Происходящее и мышление, тайна духовного. Опыт странного мышления. Часть II | страница 20
Язык – это результат взаимодействия происходящего и мышления. Возможно, что язык присутствует как результат взаимодействия мышления с происходящим, то есть при взаимодействии мышления с самим собой, с другим, с чем-то глобально-присутствующим. И если нет такого происходящего, нет процесса, нет движения, нет развития, нет производства присутствия, производства материальной среды, освоения и воспроизводства, научного, политического и другого освоения реальности, то зачем понятия и зачем язык? То есть если присутствует какое-то тотальное завершение, какое-то сворачивание, какая-то катастрофа, какая-то гибель, гибель мышления, тогда зачем «инструмент реализации» мышления? Возможно, что никакие выдумки не помогают в таком смысле, то есть сначала процесс, а потом язык, ну или одновременно.

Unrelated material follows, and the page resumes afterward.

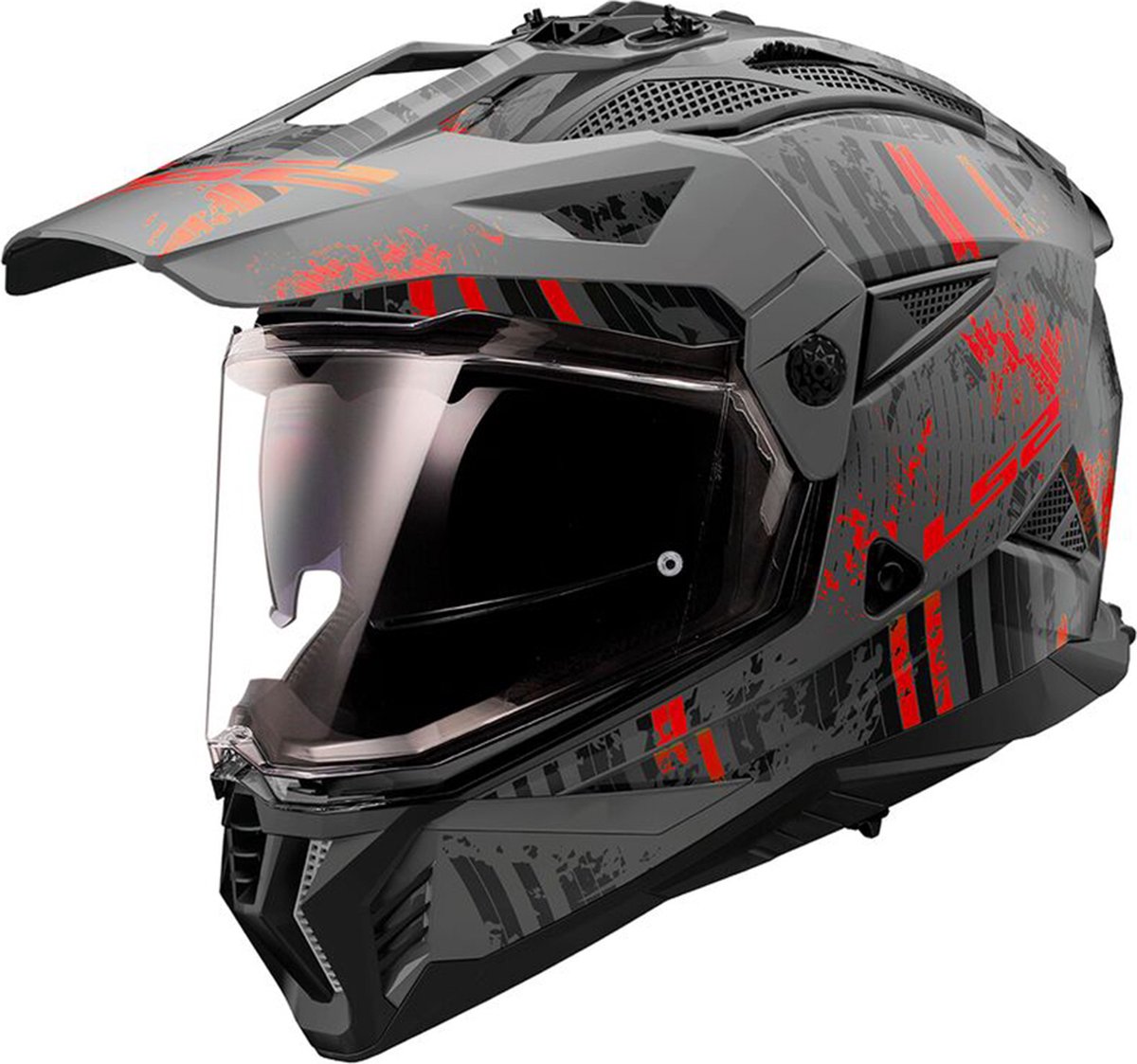 LS2 Helm Pioneer II Crazy MX702 mat zwart / rood maat XXL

Почему некоторые языки становятся мировыми, а другие нет? Как язык связан с войной, торговлей и освоением пространства, с какой-то субъектией, с каким-то служением чему-то, с какой-то целью?
Странный «привкус» языка, акт присутствия и мышление за языком. Когда идет разговор на родном языке, в какой-то момент исчезает «привкус языкового присутствия». Языковая среда становится чем-то незаметным при таком включении присутствия, то есть рассматривая язык как способ выражения мыслей, при этом переставая замечать его, возникает иллюзия того, что за языком ничего нет, но само присутствие тут и сейчас – это, возможно, не только язык. И возможно, что какой-то «акт присутствия» не равен языку. Возможны ли допущения, что язык – это способ выражения мышления, то есть само мышление существует как-то, но не как явленный язык? Но и само мышление тоже, возможно, не равно «акту присутствия». «Такой акт», возможно, «больше» всего этого – и выявляемого, и не выявляемого; и он включает в себя разное, в том числе и какое-то скрытое мышление, которое затем выражается в каком-то конкретном языке.
«Странность», которую замечает «включенность», выявляется при произнесении любых «слов» другого языка, которые могут ничего не значить для данного мышления, когда звучат в сознании неродные слова, сложенные в какие-то предложения, и они не становятся адекватными мышлению. Но для «определения такого» в языке присутствует какая-то «языковая форма определения любой абракадабры», любого птичьего языка и даже не языка, то есть различных образов-ощущений-включений-присутствий. И механизм «определения любой абракадабры» в «нечто» – это не сам язык, а другой, какой-то иной механизм. Но какой?